Alpha Centauri A (l) en Alpha Centauri B, in rode cirkel midden Proxima credits; Wikipedia Commons / Skatebiker

Het aantal bekende exoplaneten mag dan wel in relatief korte tijd fors gestegen zijn,  er zijn ruim 4000 bevestigde detecties, en nog bijna evenveel kandidaten zijn in afwachting van bevestiging – maar de extra aandacht gaat, niet geheel onbegrijpelijk i.v.m. toekomstige interstellaire reizen, uit naar de meer nabije stersystemen en hun potentiële exoplaneten. Met een afstand van 4,32 lichtjaar is Alpha Centauri het voor ons dichtstbijzijnde stersysteem. Het Alpha Centauri systeem bestaat uit Alpha Centauri A, een gele ster van het G-type die iets groter is dan onze zon, en Alpha Centauri B – een oranje ster van het K-type die meer weg heeft van onze zon. Dan is er nog Proxima Centauri. Naar alle waarschijnlijkheid vormt Alpha Centauri samen met deze veel zwakkere Proxima Centauri een drievoudig stelsel.

Hoewel recent nog een potentieel bewoonbare planeet werd ontdekt rond Proxima Centauri (Proxima b) blijven exoplaneten rondom Alpha Centauri vooralsnog een flinke puzzel. Men hoopte met het onderzoek ook meer inzicht te krijgen in waarom de ene exoplaneet mogelijk meer ‘bewoonbaar’ is dan de andere. Om te bepalen of en welke ster van  Alpha Centauri bewoonbare exoplaneten in hun omgeving zou kunnen bevatten, modelleerde de astrofysici dus een theoretische tweeling van onze aarde in dit Alpha Centauri systeem. Hieruit bleek dat potentieel leven ondersteunende exoplaneten, welke te vinden zijn in de ‘habitable zones’ of bewoonbare zones, waarschijnlijker te vinden zijn rondom de Alpha Centauri A.

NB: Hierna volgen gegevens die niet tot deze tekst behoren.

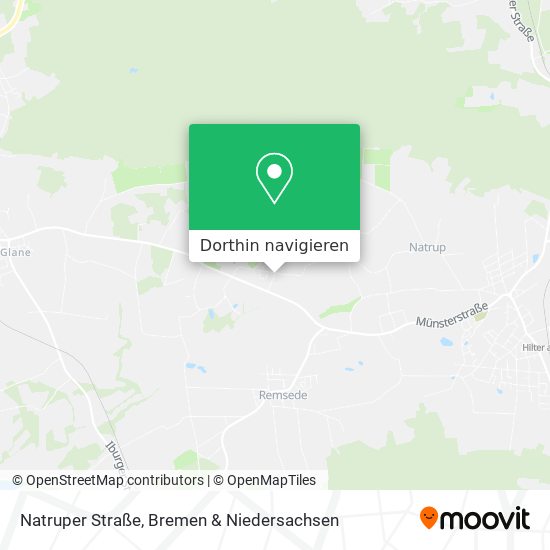 Natruper Straße Karte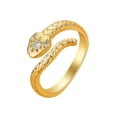 thumbnail image 1 of Anillo De Serpiente De Moda Para Hombres Y Mujeres Anillo De Dedo Abierto Ajustable Joyería Accesorios Minimalistas Regalo Methold AP006069-00, 1 of 6
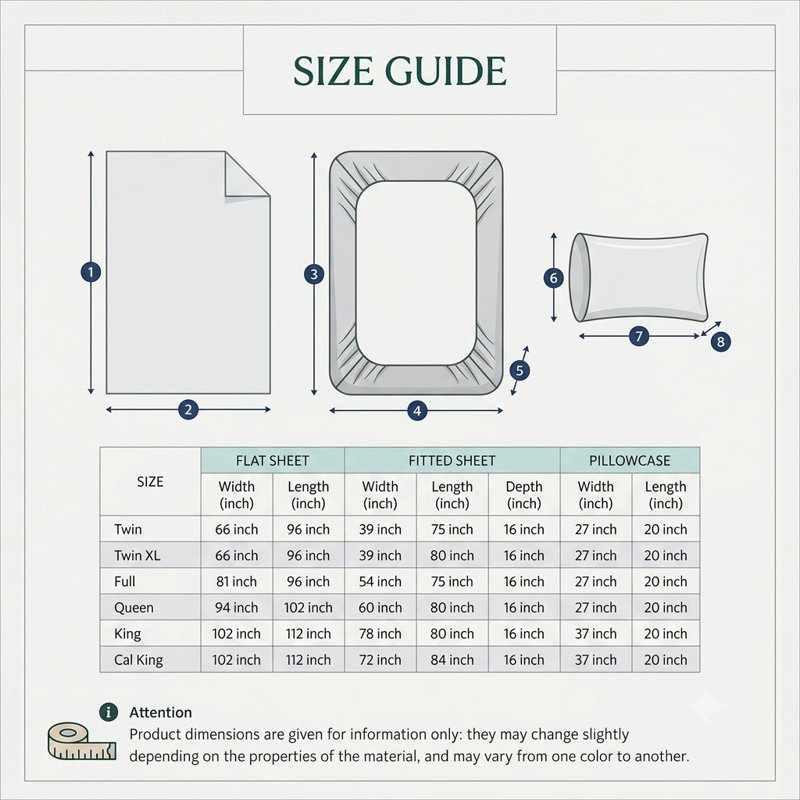 Ensemble de draps en percale de coton Lacose Slice, Ensemble de draps très grand californien avec 2 t, Marine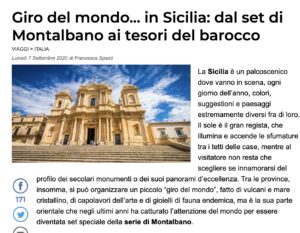 Il Messaggero: Il giro del mondo? Nei luoghi di Montalbano
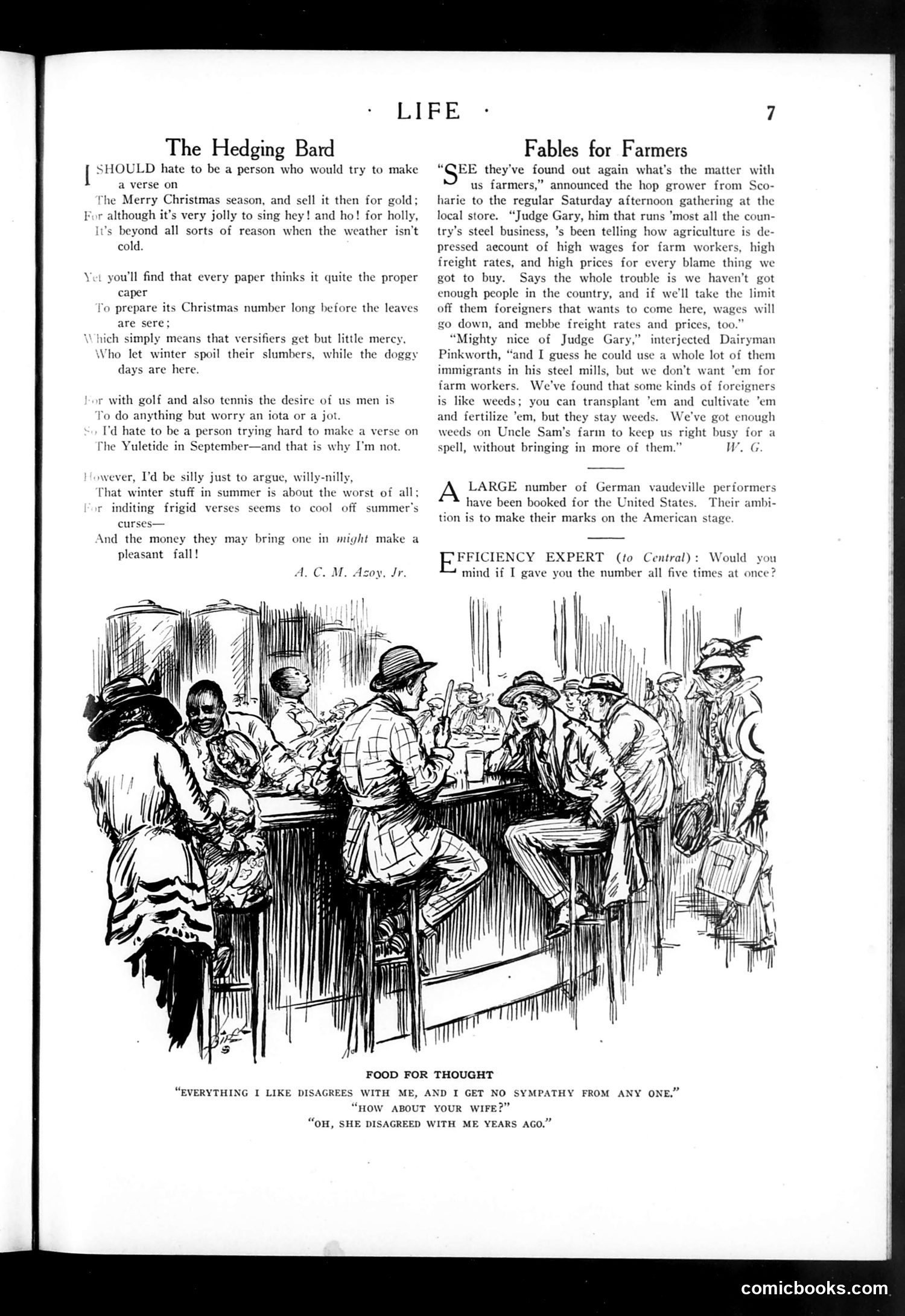 Life — September 20, 1923 — page 9: Life, 1923-09-20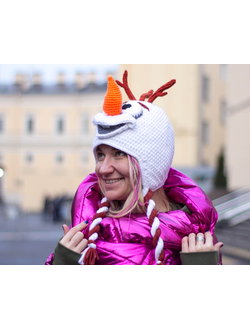 Шапка Снеговик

In 2012 dachten astronomen dat ze een kandidaat-exoplaneet hadden gevonden die rond Alpha Centauri B cirkelde (aangeduid als Alpha Centauri Bb). Helaas heeft de daaropvolgende analyse astronomen ertoe gebracht tegen 2015 aan te kondigen dat dit een vals positief was. Een mogelijke planetaire transit werd opgemerkt in 2013, maar deze potentiële kandidaat was naar verluidt te dicht bij de ster om leven te kunnen ondersteunen. Om te bepalen of Alpha Centauri bewoonbare exoplaneten kon bevatten, modelleerde men dus een ’tweeling’ aarde. De aanpak bestond uit het contrasteren van hoe de axiale kanteling van de aarde, schuine stand, in de tijd varieert in vergelijking met de variatie van de axiale kanteling van Mars. Vervolgens hebben ze deze exo-Aarde  gemodelleerd met omringende bewoonbare zones van Alpha Centauri A en B’s, (Goldilocks-zones) of circumstellaire bewoonbare zone (CHZ), het bereik van banen rond een ster waarbinnen een planetair oppervlak vloeibaar water kan ondersteunen bij voldoende atmosferische druk.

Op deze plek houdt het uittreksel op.